Many of us have used our phones and an online program or app to translate languages we don’t understand. Why should it be surprising that Joseph did something similar?
The headnote of section 7 points out, “The revelation is a translated version of the record made on parchment by John and hidden up by himself.” Joseph and Oliver received the translation when they “inquired through the Urim and Thummim.” Where was the parchment? Apparently not in their possession. In fact, it might have been on the other side of the world. But what a great lesson to Oliver on the revelatory translation process.
Doctrine and Covenants 8
Many Church members quote and like section 8 for what it says about revelation. But they likely miss some key points because they don’t understand the historical context of the revelation. Joseph and Oliver live in a society steeped in the Bible. People in that culture understood and believed in the Bible in a way that is hard to comprehend in our skeptical society today. They believed that God could work through Moses’ rod, for example, in doing miracles before Pharaoh or providing water from a rock. In fact, Oliver had tried using a rod himself.

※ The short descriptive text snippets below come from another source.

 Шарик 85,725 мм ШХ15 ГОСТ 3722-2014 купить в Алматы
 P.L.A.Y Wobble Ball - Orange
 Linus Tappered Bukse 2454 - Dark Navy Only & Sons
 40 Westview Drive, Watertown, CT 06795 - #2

Section 8 deals with Oliver’s gift. (Please read the article “Oliver Cowdery’s Gift” on the Church’s website to understand more.)
Once you understand the historical background, you can see what the Lord is trying to teach Oliver in section 8. Like many people in Oliver’s day and now, people mistakenly think that power exists in an instrument like a seer stone or rod. This is a “magical” view of the world. Think about the many movies today in which characters go on a quest to get a ring, or a key, or a sword, or some other object that supposedly has “magical” powers. In section 8, the Lord is trying to teach Oliver that Moses did not do miracles by magic. Instead, he operated by the Spirit.

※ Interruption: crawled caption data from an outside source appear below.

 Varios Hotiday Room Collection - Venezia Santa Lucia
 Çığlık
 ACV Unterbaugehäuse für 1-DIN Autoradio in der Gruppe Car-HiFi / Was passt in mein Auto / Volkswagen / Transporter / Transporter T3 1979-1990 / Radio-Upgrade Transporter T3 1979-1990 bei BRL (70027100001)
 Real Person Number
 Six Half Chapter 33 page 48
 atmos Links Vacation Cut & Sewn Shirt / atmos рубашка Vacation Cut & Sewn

In using his rod, Oliver is not using a “magical” instrument. There is no power in the object. Here is what the Lord teaches him:
“Yea, behold, I will tell you in your mind and in your heart, by the Holy Ghost, which shall come upon you and which shall dwell in your heart. Now, behold, this is the spirit of revelation; behold, this is the spirit by which Moses brought the children of Israel through the Red Sea on dry ground.”
In other words, the power is in the Spirit, not the object. God at times uses objects to focus people’s faith. Consider objects in the Bible like Moses’ rod, the brass serpent on the rod, or the mud Jesus puts on someone’s eyes. Consider objects we use in performing ordinances today, such as water for baptism, white clothing for baptism or in the temple, and consecrated oil for anointing the sick. Are these things magical? No. But they do provide wonderful symbolism.
That is an important lesson the Lord teaches Oliver is section 8.
Doctrine and Covenants 9
Section 9 is the most familiar of the sections studied this week in Come Follow Me and the one we quote most often. It is a beautiful instruction on how revelation works. It also points out that there is order in the Lord’s kingdom when it comes to revelation.
The Lord calls people to various roles in the Church, and those roles entitle people to receive revelation related to their responsibility but not beyond it. If you are ward elders quorum president or stake Primary president, you can receive revelation related to your responsibility. But the elders quorum president can’t receive revelation for the stake Primary, and the stake Primary president can’t receive revelation for the ward elders quorum.
Everyone can received revelation for herself or himself. But only the president of the Church can receive revelation for the whole Church. Section 9 essentially teaches Oliver that yes, he could receive revelation just like Joseph if that was his responsibility. But it wasn’t. Joseph was called to be the prophet and Oliver to be the scribe.